Dr. John Vann, Department of Marketing
Green Initiatives Coordinator
February 2003

In the Muncie area, water consumption is tied to sustainability largely through energy use. Energy and other resources are used to pump, purify, store, and distribute water, with additional energy required to process water discharged into the sewers. The use of warm or hot water requires extra energy for heating.  Since most of the energy associated with our use of water ultimately relies on the combustion of fossil fuels, it results in the release of greenhouse gases, sulfur dioxide, and mercury (which contaminates our waterways).

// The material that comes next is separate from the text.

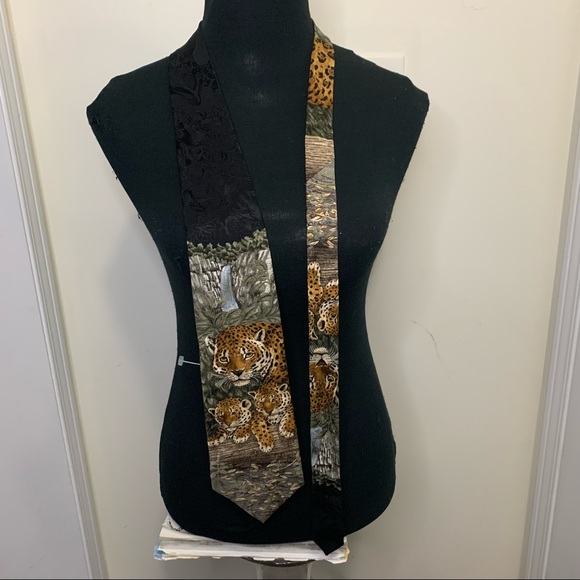 Wild Kingdom Tiger Print  1995 Marc Dennis Silk Neck Tie - Picture 3 of 11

There are both structural (physical) and behavioral options for conserving water. Structural modifications that affect water consumption may be made during or after construction of a building or house.  Low-volume shower heads or flush toilets are mandated for new construction and use about 1/4 of the water required by conventional systems. Low-volume shower heads are very inexpensive and easy to install as retrofits. Low-volume flush toilets may also be purchased for existing structures. For institutional applications, there are waterless urinals. These require no water for flushing and result in substantial savings. Interior faucets should have aerators that combine air with water to reduce the flow needed for washing hands or rinsing dishes. New, horizontal-tub washing machines use about 1/2 of the water required for a conventional machine. For gardening, drip irrigation is an extremely efficient way to water plants and vegetables. In addition, plants with low watering requirements may be purchased to create a xeriscape.

Behavioral changes involve the frequency and duration of water flow.  Showers of five minutes or less, turning off the water while lathering in the shower or brushing teeth or while soaping the car, washing windows with a bucket of water instead of the hose, and washing full loads of laundry are all examples of home water conservation activities.